The stretch wanted below opens at the line containing "Pink Torii Gate" and closes at the line containing "Псилоцибиновые грибы GOLDEN". Please return it exactly, with no other lines.

--- Extracted entries ---

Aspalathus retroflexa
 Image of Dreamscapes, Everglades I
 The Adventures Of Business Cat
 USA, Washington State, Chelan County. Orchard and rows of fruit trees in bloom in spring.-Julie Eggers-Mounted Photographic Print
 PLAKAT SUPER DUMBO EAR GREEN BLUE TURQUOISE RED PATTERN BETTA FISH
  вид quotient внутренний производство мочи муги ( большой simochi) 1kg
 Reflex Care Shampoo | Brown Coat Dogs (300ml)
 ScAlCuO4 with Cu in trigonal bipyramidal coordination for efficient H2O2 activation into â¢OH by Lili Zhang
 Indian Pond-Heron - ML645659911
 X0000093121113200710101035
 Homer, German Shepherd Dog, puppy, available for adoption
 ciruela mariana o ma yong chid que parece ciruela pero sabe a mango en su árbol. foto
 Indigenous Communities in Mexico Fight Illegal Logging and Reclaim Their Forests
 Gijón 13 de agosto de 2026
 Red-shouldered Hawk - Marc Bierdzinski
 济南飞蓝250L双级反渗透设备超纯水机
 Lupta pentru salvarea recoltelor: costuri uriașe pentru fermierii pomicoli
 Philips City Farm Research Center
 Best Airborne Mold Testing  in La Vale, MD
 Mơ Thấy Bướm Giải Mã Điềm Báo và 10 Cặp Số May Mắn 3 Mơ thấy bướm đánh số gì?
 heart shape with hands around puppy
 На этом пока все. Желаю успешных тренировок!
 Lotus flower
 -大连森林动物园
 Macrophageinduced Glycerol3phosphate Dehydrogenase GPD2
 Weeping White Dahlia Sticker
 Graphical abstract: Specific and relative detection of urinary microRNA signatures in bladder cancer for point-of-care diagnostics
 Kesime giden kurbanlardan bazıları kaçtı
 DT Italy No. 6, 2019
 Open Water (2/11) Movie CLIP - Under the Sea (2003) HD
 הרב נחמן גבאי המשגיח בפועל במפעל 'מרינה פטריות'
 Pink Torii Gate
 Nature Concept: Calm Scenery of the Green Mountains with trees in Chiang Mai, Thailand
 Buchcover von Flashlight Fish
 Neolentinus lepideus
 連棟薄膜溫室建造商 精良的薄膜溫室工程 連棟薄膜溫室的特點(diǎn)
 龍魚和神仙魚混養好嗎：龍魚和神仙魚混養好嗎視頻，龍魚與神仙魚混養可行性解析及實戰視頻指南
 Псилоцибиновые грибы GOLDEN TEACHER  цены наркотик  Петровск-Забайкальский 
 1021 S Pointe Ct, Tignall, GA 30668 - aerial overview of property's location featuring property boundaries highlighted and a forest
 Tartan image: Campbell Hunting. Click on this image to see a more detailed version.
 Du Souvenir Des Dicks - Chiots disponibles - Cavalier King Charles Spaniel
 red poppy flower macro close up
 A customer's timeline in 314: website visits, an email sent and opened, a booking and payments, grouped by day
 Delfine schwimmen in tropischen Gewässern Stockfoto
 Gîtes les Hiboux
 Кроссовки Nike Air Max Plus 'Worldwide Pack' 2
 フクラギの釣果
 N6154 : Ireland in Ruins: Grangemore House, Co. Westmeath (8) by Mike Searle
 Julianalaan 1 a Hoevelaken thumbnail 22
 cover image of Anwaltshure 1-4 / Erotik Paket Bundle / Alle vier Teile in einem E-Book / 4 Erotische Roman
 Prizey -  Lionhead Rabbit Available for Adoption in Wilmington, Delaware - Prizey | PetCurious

---

■ Your solution
 Pink Torii Gate
 Nature Concept: Calm Scenery of the Green Mountains with trees in Chiang Mai, Thailand
 Buchcover von Flashlight Fish
 Neolentinus lepideus
 連棟薄膜溫室建造商 精良的薄膜溫室工程 連棟薄膜溫室的特點(diǎn)
 龍魚和神仙魚混養好嗎：龍魚和神仙魚混養好嗎視頻，龍魚與神仙魚混養可行性解析及實戰視頻指南
 Псилоцибиновые грибы GOLDEN TEACHER  цены наркотик  Петровск-Забайкальский 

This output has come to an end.